A relação dos jovens com a escola foi objeto de outro estudo realizado por Sposito e Galvão (2004). Os depoimentos, colhidos pelas autoras, permitem caracterizar diferentes tipos de envolvimento com o conhecimento adquirido na escola. Para alguns jovens, trata-se apenas de um conhecimento instrumental necessário à conquista do diploma. Esse dado é interpretado como um indício de que a meta de futuro pode não ser suficiente para dar sentido aos conteúdos aprendidos, no presente. Para outra parcela de jovens, foi possível encontrar significado nos conhecimentos escolares devido à importância que os sujeitos atribuem à escola para o seu futuro. Para as autoras, nesse caso, a construção de significado dá-se a partir da subjetivação das experiências que passam a integrar os projetos de cada indivíduo. Para um terceiro grupo, as relações entre as disciplinas escolares e o seu cotidiano são significativas e valorizadas positivamente, pois os sujeitos entendem que o que vivem na escola possibilita implicações pessoais; ou seja, os jovens explicitaram a necessidade de transformar o conhecimento em algo pessoal para sua efetiva apropriação. Esse processo de apropriação pessoal é interpretado pelas autoras como fundamental, para superar a distância que separa o reconhecimento da importância que o estudo tem para o futuro e a falta de sentido que, para muitos, ele tem no presente. Sposito e Galvão (2004) concluem que, entre o ensino e a aprendizagem, localiza-se um aluno que anseia por um trabalho pessoal, dotado de significado, que transcenda a promessa de um futuro promissor.

Uma pesquisa, realizada pela Fundação Getúlio Vargas e divulgada pela Revista Ensino Superior (Holanda, 2009) apresentou uma análise das causas da evasão escolar na visão dos jovens, valendo-se de dados da Pesquisa Nacional por Amostra de Domicílios (Pnad). O referido trabalho aponta que 40% dos jovens com idade entre 15 e 17 anos saíram da escola por falta de interesse. Desse universo de evadidos, 83% disseram que não querem frequentar a escola. Os outros 27% apontam para a falta de renda. Tais dados revelam que a baixa renda não é o motivo principal da evasão. Muitos desses jovens estão fora da escola não por serem de comunidades pobres e terem de trabalhar, mas sim por não terem interesse nas experiências que vivenciam. O pesquisador conclui que o jovem não vê importância na conclusão do Ensino Médio. Portanto, no limite, o fraco ou nulo significado, encontrado em relação às experiências escolares, leva os alunos e as alunas ao seu abandono.

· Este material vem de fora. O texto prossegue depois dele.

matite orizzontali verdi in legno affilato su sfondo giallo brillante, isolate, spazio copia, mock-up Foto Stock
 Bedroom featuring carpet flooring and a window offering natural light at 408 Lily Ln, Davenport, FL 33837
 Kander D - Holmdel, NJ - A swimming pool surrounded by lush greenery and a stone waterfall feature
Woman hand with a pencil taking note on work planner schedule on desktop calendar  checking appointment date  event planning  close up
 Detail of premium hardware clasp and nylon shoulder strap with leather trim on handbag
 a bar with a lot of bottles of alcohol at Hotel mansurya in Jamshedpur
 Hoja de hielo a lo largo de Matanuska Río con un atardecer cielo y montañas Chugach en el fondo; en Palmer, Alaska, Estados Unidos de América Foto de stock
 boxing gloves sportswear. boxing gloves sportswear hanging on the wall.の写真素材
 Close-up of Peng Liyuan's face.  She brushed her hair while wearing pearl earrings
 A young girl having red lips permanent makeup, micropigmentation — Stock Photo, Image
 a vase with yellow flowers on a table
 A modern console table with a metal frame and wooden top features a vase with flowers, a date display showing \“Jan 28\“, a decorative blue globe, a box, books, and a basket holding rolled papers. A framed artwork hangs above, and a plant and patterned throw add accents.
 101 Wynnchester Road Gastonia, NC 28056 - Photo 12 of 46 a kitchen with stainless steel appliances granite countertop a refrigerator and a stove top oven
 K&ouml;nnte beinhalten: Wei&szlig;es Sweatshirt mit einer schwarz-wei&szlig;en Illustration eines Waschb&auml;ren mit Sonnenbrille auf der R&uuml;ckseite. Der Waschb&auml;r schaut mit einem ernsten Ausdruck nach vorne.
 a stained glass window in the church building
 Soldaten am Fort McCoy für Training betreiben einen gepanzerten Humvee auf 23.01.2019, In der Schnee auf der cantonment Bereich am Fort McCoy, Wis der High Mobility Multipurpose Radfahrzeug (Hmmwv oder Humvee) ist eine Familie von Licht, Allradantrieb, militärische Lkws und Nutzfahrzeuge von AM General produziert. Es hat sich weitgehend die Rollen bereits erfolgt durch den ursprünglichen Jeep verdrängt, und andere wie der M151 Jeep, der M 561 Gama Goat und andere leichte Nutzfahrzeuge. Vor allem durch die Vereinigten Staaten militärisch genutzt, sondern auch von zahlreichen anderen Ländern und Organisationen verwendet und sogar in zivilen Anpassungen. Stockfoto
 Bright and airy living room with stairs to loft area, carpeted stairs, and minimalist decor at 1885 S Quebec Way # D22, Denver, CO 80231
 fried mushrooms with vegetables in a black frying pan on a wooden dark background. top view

Os quatro estudos destacados apontam para a importância do significado da escola na vida dos alunos. Cursar o ensino superior ou entrar para o mercado de trabalho não são mais motivações suficientes, quer seja pela diversidade da população atendida (com a democratização do acesso à escola, nem todos almejam a formação superior); quer seja pelas mudanças, no mundo do trabalho, e a demanda por maior qualificação.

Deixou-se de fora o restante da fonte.